2010 senesinin son demleri fısıldadı bize devrim(ler)i. Tunus, Mısır, Libya derken devrim ateşi sardı yüreğimizi; yine Tunus, Mısır, Libya derken devrim ateşi sarmadı bazılarının yüreğini. Devrimciler ‘Allah’ diyor, bunlar ne dediğini bilmiyor.
“Olmaz efendiler, bahar mahar hikaye, emperyalizmin ekmeğine yağ sürmeyin. İslam toprakları üzerinde oyunlar oynanmasına izin vermeyin. Dikta on tokat atıyorsa bunlar yüz tokat atar. Azıcık ölüden bir şey olmaz. Çıkarmayın sesinizi, oturun oturduğunuz yerde!”
Dilsiz şeytan bunlar.

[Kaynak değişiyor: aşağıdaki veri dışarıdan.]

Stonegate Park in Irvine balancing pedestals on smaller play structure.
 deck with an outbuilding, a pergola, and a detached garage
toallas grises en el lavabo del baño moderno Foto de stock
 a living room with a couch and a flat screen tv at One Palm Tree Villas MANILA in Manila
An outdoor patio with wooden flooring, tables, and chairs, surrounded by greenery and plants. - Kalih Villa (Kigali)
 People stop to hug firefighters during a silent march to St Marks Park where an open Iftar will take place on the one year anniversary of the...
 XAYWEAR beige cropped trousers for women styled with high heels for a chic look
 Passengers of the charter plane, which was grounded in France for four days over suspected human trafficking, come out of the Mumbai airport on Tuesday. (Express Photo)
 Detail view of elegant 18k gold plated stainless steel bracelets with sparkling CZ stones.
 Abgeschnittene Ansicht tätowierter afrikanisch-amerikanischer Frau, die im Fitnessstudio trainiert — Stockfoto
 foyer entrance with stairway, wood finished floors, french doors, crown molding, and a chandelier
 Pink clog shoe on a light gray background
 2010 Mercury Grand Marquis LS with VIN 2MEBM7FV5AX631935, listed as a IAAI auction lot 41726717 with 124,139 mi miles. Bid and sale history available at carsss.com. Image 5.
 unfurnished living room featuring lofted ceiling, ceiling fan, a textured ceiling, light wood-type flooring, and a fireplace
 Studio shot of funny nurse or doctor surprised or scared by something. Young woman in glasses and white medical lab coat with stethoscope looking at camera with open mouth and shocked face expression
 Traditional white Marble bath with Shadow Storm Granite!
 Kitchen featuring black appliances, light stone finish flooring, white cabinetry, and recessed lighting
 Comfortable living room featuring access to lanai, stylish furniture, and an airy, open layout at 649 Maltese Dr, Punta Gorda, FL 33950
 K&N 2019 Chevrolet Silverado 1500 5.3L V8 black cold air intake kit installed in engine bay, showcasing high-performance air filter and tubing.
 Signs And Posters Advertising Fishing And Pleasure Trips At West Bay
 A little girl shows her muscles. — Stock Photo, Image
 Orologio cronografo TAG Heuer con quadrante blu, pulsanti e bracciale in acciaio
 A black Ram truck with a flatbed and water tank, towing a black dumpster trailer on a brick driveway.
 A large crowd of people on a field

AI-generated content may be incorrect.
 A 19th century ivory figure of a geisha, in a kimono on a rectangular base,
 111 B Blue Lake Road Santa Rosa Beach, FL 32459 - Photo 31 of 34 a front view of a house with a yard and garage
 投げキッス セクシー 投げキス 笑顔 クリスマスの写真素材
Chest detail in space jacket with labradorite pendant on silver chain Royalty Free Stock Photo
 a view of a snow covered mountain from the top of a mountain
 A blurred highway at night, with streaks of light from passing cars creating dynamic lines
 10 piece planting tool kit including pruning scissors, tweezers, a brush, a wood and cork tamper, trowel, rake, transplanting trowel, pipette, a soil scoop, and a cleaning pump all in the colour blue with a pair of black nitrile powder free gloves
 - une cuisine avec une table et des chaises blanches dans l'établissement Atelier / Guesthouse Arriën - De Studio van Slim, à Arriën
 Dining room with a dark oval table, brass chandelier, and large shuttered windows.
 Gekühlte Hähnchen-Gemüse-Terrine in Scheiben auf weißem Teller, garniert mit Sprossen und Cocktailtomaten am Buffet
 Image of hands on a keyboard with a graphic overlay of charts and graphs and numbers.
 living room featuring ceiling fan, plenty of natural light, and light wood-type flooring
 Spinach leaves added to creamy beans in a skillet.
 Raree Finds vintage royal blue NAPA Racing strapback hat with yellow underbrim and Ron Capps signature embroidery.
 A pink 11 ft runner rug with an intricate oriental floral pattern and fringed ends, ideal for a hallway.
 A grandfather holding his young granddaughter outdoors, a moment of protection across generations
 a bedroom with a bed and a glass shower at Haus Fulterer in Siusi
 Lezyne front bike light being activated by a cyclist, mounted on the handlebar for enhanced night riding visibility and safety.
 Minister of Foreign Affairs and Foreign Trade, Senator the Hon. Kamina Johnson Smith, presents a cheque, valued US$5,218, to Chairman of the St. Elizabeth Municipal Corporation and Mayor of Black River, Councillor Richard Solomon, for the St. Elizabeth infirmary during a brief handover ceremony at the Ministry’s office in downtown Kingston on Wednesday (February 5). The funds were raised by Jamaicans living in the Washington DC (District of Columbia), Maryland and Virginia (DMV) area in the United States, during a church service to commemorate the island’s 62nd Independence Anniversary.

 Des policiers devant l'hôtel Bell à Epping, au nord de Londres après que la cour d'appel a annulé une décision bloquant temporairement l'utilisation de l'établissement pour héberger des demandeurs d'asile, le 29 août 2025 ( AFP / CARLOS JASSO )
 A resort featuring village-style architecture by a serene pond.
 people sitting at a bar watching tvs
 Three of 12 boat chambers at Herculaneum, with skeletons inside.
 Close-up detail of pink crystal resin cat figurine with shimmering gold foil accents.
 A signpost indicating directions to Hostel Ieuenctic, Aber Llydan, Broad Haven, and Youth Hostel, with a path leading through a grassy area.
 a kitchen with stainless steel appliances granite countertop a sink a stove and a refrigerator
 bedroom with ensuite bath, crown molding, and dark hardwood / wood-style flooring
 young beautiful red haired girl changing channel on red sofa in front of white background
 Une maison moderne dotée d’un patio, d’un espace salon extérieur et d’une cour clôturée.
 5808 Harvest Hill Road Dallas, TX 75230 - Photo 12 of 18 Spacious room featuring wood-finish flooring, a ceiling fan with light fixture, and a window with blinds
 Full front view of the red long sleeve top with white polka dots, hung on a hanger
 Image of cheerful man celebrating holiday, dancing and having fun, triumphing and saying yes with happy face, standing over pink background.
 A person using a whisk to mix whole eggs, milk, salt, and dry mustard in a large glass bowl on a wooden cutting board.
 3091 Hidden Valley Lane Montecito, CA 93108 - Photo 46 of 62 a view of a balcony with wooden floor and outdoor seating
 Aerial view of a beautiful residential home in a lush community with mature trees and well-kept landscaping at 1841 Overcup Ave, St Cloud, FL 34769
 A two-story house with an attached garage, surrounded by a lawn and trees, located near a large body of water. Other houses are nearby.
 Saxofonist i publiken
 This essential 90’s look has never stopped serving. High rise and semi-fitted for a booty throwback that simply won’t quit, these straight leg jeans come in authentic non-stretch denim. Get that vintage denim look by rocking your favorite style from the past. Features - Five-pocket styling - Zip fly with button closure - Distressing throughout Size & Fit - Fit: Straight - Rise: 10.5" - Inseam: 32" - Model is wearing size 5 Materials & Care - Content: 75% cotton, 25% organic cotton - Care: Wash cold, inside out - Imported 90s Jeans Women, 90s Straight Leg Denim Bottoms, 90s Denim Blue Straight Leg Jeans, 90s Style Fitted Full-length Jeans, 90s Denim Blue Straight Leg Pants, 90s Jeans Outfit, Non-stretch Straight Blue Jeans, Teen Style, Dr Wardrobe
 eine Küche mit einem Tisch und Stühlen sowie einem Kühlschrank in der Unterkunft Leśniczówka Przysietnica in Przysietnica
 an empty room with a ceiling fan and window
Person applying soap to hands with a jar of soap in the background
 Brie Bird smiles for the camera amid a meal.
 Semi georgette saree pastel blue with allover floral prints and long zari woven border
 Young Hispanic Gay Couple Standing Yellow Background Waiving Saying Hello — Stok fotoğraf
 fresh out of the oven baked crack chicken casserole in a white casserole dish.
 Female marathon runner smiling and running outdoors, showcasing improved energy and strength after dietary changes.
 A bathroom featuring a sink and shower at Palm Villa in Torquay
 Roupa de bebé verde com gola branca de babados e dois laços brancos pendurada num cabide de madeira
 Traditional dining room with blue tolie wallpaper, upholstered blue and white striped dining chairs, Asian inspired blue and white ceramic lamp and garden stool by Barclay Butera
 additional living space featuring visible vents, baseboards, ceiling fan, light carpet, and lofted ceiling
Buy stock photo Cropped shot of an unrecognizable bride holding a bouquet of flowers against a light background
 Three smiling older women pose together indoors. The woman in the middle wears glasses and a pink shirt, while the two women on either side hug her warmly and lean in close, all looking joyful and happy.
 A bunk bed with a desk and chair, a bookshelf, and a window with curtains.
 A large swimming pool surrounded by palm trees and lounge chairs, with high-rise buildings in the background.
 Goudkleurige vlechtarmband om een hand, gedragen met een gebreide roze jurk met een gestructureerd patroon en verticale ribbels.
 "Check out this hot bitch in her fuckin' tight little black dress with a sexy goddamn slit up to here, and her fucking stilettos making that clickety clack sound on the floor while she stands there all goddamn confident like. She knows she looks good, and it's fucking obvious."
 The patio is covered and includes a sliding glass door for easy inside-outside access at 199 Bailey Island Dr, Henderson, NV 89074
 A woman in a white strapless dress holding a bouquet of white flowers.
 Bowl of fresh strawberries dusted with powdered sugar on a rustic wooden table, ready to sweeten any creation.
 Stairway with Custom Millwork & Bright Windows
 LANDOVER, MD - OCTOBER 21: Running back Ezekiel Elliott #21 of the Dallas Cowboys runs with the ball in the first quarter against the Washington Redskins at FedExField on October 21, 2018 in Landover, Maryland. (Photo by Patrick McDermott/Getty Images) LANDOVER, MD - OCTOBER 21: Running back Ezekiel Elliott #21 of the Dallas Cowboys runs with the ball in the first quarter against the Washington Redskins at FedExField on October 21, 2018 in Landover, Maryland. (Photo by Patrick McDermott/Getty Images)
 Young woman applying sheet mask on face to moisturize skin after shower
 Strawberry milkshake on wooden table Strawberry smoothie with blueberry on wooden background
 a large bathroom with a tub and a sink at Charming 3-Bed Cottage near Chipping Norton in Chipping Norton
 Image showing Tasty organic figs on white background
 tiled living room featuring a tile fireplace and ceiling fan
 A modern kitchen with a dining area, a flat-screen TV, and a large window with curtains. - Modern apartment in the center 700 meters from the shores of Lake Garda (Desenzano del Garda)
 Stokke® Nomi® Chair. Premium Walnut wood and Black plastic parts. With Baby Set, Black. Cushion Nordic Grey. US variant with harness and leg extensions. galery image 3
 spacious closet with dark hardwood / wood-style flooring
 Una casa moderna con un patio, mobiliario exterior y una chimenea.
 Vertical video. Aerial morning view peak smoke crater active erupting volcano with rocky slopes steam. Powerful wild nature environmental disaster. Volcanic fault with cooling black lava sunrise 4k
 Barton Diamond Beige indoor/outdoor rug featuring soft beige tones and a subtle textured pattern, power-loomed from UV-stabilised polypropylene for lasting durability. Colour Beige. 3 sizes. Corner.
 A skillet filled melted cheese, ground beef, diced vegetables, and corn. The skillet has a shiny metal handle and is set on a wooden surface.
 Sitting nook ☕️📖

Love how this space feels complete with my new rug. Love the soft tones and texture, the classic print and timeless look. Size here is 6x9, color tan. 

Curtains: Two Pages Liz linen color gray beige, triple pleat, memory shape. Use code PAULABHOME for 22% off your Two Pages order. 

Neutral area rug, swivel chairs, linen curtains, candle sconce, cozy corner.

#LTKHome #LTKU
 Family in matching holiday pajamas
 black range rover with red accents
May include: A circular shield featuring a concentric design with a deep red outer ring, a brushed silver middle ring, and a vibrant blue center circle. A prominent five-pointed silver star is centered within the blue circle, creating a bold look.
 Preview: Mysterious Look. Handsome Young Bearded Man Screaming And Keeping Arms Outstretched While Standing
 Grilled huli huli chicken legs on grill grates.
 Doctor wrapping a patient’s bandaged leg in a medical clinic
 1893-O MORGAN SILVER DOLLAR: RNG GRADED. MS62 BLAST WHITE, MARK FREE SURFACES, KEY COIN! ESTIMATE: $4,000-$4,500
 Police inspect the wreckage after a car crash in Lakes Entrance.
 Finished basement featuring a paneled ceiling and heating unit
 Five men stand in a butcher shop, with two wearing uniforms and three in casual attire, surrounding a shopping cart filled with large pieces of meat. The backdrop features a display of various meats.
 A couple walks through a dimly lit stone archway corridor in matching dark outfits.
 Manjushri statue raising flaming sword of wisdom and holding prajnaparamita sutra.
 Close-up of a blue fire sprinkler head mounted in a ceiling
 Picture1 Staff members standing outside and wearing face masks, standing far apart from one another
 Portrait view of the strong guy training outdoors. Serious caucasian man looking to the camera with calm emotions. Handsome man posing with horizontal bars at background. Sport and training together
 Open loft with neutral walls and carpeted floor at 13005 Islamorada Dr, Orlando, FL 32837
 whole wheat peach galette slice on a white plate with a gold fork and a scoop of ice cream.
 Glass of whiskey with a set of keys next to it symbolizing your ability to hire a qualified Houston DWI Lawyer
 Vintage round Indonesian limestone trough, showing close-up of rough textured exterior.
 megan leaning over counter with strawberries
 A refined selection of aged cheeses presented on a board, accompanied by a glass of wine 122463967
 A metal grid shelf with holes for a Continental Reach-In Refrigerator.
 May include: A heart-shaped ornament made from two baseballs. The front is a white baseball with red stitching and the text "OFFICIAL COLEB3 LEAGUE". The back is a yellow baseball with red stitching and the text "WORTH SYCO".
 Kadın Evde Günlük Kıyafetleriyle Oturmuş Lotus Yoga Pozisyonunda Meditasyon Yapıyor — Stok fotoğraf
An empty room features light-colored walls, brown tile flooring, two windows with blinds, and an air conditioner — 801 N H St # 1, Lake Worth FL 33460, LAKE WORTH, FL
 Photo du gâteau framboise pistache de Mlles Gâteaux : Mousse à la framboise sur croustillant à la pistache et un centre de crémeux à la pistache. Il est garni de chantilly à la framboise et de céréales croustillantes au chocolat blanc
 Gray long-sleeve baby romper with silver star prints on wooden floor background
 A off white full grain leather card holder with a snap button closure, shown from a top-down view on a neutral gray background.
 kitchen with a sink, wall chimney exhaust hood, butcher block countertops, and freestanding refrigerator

Bir şey bilmezler ya da bilmiyormuş gibi yaparlar. Devrimcilerin Ebuzer ruhlu olduğunu da bilmezler. Bu mahluklar devrimleri lekelemeye dursun, biz işimize bakalım. Mesela ‘Yalla irhal ya Beşşar!’ diye bağıralım, Yemen’e bakmayanlara Yemen’i hatırlatalım, ‘La Şiiyye la Sunniyye vahde vahde İslamiyye!’ naralarıyla inletelim yeri göğü. Dua da edelim.
Ümmet. Anahtar kelime bu. Biz sınırlardan nefret edip ümmete inanmadık mı? Öyleyse sınır falan yok. Müstekbirlerin cetvellerle çizdiği sınırlar umrumuzda olmamalı, olmasın. Her Müslüman kardeşimizdir. İnnemel mû’minune ihvetun. Fark gözetmek yok. Bizim için Suriye’de can verenin Filistin’de can verenden bir farkı olmamalı. Madem öyle, her coğrafyada Müslüman kardeşlerimizin canına okuyan diktatörleri bir bir ifşa etmeliyiz.
Asya. Özbekistan yani. Başka? Aliyev’in de canı cehenneme! Babasını da sevmezdik zaten. Hafız ile Beşşar’ın hikayesi gibi. Onları da haykıralım. Özbekistan İslami Hareketi 2011 senesinde 87 kayıp verdi. Sekülerizme aşık bir yönetimin yediği halt. Bizim ‘Tek Parti Devri’ni anımsatıyor bana.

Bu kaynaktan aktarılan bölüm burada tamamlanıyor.